### [DATASET CONTENT]
□ □ □
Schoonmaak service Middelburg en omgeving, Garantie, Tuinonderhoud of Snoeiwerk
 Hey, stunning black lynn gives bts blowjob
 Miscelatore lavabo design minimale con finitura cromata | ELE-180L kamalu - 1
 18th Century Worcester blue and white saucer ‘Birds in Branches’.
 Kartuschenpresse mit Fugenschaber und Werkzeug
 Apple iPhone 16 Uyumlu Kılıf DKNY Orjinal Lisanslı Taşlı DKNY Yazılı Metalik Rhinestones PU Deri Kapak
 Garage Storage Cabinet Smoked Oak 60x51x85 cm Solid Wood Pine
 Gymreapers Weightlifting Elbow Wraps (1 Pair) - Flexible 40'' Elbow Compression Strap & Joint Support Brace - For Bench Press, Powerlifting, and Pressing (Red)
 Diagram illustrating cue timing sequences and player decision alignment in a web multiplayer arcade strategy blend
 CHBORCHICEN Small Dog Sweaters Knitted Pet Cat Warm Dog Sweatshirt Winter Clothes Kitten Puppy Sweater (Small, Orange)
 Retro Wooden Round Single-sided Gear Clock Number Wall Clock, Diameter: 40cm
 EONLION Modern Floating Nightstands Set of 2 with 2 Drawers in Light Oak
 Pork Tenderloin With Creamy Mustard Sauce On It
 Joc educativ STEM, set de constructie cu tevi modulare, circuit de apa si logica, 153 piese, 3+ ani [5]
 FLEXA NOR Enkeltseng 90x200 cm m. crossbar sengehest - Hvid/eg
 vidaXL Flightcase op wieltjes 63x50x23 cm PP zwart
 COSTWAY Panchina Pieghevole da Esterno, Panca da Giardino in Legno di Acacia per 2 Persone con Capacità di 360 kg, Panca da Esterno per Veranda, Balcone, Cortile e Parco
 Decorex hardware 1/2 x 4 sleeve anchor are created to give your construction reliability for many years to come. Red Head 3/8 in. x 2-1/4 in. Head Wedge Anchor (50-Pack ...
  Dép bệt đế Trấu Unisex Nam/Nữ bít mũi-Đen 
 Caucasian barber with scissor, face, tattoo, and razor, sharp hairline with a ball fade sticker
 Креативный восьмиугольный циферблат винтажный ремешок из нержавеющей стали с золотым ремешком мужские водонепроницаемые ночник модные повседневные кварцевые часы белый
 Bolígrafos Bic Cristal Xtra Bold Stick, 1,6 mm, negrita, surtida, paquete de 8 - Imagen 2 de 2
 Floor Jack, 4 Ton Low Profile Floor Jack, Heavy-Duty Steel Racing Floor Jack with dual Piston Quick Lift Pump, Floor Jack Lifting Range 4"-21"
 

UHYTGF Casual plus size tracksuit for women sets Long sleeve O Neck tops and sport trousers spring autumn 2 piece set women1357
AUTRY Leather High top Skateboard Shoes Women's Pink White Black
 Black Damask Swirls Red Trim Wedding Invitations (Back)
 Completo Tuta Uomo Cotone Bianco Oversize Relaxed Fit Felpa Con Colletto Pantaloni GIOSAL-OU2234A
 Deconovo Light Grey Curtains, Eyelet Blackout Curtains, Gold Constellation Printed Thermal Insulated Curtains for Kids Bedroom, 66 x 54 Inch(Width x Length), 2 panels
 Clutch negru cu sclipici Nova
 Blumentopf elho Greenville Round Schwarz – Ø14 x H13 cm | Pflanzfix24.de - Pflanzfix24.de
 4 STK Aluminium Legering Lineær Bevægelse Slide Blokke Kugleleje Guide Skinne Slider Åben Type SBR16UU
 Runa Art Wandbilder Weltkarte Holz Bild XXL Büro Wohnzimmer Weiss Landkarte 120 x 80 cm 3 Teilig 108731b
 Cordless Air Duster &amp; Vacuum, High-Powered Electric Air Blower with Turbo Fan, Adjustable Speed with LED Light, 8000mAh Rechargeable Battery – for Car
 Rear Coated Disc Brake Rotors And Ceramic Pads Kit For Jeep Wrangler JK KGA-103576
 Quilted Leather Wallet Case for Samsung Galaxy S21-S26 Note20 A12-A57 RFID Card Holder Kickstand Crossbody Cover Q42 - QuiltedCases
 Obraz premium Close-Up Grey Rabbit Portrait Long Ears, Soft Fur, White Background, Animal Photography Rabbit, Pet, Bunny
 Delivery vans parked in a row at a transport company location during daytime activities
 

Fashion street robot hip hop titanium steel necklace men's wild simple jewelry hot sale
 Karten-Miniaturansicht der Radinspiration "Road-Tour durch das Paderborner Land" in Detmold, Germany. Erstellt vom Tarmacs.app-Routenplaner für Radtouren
□ □ □
### [WORK TO BE COMPLETED]
Lines from the one containing "Cordless Air Duster" through the last line of the data above are the only output wanted; restate them exactly.

### [OUTPUT OF THE TASK]
 Cordless Air Duster &amp; Vacuum, High-Powered Electric Air Blower with Turbo Fan, Adjustable Speed with LED Light, 8000mAh Rechargeable Battery – for Car
 Rear Coated Disc Brake Rotors And Ceramic Pads Kit For Jeep Wrangler JK KGA-103576
 Quilted Leather Wallet Case for Samsung Galaxy S21-S26 Note20 A12-A57 RFID Card Holder Kickstand Crossbody Cover Q42 - QuiltedCases
 Obraz premium Close-Up Grey Rabbit Portrait Long Ears, Soft Fur, White Background, Animal Photography Rabbit, Pet, Bunny
 Delivery vans parked in a row at a transport company location during daytime activities
 

Fashion street robot hip hop titanium steel necklace men's wild simple jewelry hot sale
 Karten-Miniaturansicht der Radinspiration "Road-Tour durch das Paderborner Land" in Detmold, Germany. Erstellt vom Tarmacs.app-Routenplaner für Radtouren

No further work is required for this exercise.